For Cindric, he turns his focus back on his Xfinity Series program. He won last weekend’s NXS race at Daytona and will look to put the clean sweep of Daytona for February in NXS competition on Saturday. 

“I wouldn’t go as far as saying that my mindset is ‘title defense,’” he said. “It is making it to the (Championship 4). That may sound correct or incorrect, but with the way the format is, you have to make it to Phoenix and then have your best day. That was my mindset last year and is my mindset this year.

“As far as going to the Daytona road course – one of my extracurricular goals for the year was to win on a superspeedway. To get that knocked out early was really satisfying. It is a different discipline. To be able to control the race, how we did and the speed in our car, I was really proud of that effort. We haven’t had that kind of speed at speedways in the past.

“It shows the effort my guys have put in during the off-season. We keep stepping up both individually and as a group. Nothing is guaranteed though, so it is back to work.”

Last season was the first time in history that the NASCAR Xfinity Series raced on the Daytona Road Course and Cindric made history by winning the event from the pole by a massive 7.108-seconds over second place Brandon Jones. Cindric led 21 of 52 laps in a race that saw seven lead changes and seven cautions for eight laps.

Of Cindric’s nine total wins in the Xfinity Series, four of them were at road courses. He will try to make that five this weekend.


LaJoie Feels Spire On Right Track, Needs To Be Taken Seriously

Corey LaJoie has been a huge advocate this past offseason that Spire was building this organization right and that he wanted to be a part of it. He is their lone full time driver and paid that statement back with not only a top 10 for himself in the season opening Daytona 500, but he saw his teammate Jamie McMurray do the same for a dual top 10 night for the team. 

“It’s a good start for us,” LaJoie said on Thursday. “It wa sa busy week with a bunch of stuff going on down there at Daytona. Add to that a new team, new procedures with Ryan Sparks still leading our unit and to have 2 cars down there in the top 10 after it was all said and done with Spire Motorsports means a lot.
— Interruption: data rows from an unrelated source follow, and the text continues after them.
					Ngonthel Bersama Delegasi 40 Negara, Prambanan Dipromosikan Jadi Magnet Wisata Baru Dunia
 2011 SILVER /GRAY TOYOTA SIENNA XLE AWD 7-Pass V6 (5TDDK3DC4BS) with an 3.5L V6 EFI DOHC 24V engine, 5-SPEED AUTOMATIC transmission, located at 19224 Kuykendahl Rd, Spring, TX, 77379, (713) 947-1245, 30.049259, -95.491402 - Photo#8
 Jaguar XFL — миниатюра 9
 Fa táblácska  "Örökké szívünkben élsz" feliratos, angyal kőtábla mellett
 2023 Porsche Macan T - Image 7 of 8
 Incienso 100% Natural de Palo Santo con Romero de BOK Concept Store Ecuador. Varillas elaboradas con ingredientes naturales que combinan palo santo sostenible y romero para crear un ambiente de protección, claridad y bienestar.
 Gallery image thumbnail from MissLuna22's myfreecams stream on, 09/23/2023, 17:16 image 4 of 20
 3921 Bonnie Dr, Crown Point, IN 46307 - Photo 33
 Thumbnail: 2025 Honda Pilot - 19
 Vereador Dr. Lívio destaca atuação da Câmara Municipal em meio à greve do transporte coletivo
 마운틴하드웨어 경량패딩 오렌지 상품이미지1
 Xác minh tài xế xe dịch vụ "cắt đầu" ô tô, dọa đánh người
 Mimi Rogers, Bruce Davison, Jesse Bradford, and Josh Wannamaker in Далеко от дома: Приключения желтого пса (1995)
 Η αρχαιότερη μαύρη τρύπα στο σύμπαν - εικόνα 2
“Originally I said, ‘check back in here in six months and we’ll see if they’re taking us seriously’ but we’re 1 weekend into the year and I would say that people should start taking us seriously.”

LaJoie said that he gets Daytona is Daytona but you don’t luck into two top 10 finishes in the ‘500. He notes that financially the Daytona 500 is a big one and can help this team even further, singling out RCR and JTG as teams that they feel like they can compete with this season.

He says that Daytona certainly started them off on the right foot and thinks it builds momentum for the rest of the season. The thing is, he doesn’t necessarily expect this weekend to be the week that they can shine. He says that Phoenix and Vegas would be the part to look forward to next for them in terms of the success category. 

“We have a great starting position this weekend,” he continued. “We’re starting seventh so I’ll have at least six people in front of me to slow me down before I get to Turn 1. I’m certainly not a road course ringer. I have a little work to do on that. But, it would be good to learn from the guys in front of me and to see what we can do this weekend.”